In this lab exercise, we will use a pretrained word embedding for our text classification task, instead of training our own embedding layer. 

## Setup

In [None]:
import io
import os
import shutil
import numpy as np
import tensorflow as tf

### Download the IMDb Dataset

Download the dataset using Keras file utility and do the clean-up as before

In [None]:
url = "https://ai.stanford.edu/~amaas/data/sentiment/aclImdb_v1.tar.gz"

dataset = tf.keras.utils.get_file("aclImdb_v1.tar.gz", url,
                                    untar=True, cache_dir='.',
                                    cache_subdir='')

dataset_dir = os.path.join(os.path.dirname(dataset), 'aclImdb')
train_dir = os.path.join(dataset_dir, 'train')

In [None]:
remove_dir = os.path.join(train_dir, 'unsup')
shutil.rmtree(remove_dir)

Next, create a `tf.data.Dataset` using `tf.keras.preprocessing.text_dataset_from_directory`. 
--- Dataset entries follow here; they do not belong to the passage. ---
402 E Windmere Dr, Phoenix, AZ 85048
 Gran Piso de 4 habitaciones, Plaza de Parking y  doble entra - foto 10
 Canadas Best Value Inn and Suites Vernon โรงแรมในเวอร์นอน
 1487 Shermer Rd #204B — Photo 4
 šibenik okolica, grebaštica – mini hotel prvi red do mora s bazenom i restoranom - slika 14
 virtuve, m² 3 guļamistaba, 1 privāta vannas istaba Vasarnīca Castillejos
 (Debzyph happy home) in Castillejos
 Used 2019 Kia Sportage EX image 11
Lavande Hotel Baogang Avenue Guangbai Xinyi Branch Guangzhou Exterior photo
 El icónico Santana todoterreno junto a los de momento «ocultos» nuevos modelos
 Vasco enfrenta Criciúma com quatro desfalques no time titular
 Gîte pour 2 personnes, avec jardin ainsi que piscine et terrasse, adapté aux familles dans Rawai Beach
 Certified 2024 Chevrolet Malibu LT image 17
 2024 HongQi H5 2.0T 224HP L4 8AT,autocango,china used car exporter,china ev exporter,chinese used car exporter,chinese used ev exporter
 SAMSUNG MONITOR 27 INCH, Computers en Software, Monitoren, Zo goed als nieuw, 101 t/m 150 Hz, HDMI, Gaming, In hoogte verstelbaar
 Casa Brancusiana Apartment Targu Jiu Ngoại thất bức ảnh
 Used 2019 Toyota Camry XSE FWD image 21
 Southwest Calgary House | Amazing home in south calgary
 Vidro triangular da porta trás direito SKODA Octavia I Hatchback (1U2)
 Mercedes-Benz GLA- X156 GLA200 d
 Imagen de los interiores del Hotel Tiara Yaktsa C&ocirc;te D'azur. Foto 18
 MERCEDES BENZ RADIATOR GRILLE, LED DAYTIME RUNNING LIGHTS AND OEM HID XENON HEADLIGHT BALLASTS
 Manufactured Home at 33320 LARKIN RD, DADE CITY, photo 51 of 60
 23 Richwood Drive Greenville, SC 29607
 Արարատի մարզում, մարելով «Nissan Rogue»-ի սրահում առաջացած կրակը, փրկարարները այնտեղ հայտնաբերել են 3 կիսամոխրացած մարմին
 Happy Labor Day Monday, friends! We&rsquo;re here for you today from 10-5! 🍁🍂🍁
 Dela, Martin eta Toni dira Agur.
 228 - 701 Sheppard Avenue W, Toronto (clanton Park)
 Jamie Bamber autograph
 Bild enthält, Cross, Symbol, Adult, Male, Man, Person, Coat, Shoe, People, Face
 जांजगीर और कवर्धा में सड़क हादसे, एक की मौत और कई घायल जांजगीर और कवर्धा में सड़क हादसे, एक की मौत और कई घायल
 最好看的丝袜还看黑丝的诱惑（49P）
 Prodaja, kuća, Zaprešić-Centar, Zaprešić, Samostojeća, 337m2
Use the `train` directory to create both train and validation datasets with a split of 20% for validation.

In [None]:
batch_size = 1024
seed = 123
train_ds = tf.keras.preprocessing.text_dataset_from_directory(
    'aclImdb/train', batch_size=batch_size, validation_split=0.2, 
    subset='training', seed=seed)
val_ds = tf.keras.preprocessing.text_dataset_from_directory(
    'aclImdb/train', batch_size=batch_size, validation_split=0.2, 
    subset='validation', seed=seed)

In [None]:
AUTOTUNE = tf.data.AUTOTUNE

train_ds = train_ds.cache().prefetch(buffer_size=AUTOTUNE)
val_ds = val_ds.cache().prefetch(buffer_size=AUTOTUNE)

## Text preprocessing

We then initialize a TextVectorization layer with the desired parameters to vectorize our movie reviews.

In [None]:
# Vocabulary size and number of words in a sequence.
VOCAB_SIZE = 10000
MAX_SEQUENCE_LENGTH = 200

# Use the text vectorization layer to normalize, split, and map strings to 
# integers. 
# Set output_sequence length as all samples are not of the same length.
vectorize_layer = tf.keras.layers.TextVectorization(
    max_tokens=VOCAB_SIZE,
    output_mode='int',
    output_sequence_length=MAX_SEQUENCE_LENGTH)

# Make a text-only dataset (no labels) and call adapt to build the vocabulary.
text_ds = train_ds.map(lambda x, y: x)
vectorize_layer.adapt(text_ds)

## Getting the pre-trained embedding model

We will use the pre-trained GloVe embeddings available from [stanford site](https://nlp.stanford.edu/projects/glove/). The original zip file contains embedding of different dimensions (e.g. 50d, 100d, 200d, etc) and is more than 800MB in file size. To save downloading time, we have made a copy of 50d GloVe file available on our course website for download. If you want to experiment with other embedding dimensions, please feel free to download from the stanford site.


In [None]:
glove_url = 'https://nyp-aicourse.s3-ap-southeast-1.amazonaws.com/pretrained-models/glove.6B.50d.zip'

glove_files = tf.keras.utils.get_file("glove.6B.50d.zip", glove_url,
                                    extract=True, cache_dir='.',
                                    cache_subdir='')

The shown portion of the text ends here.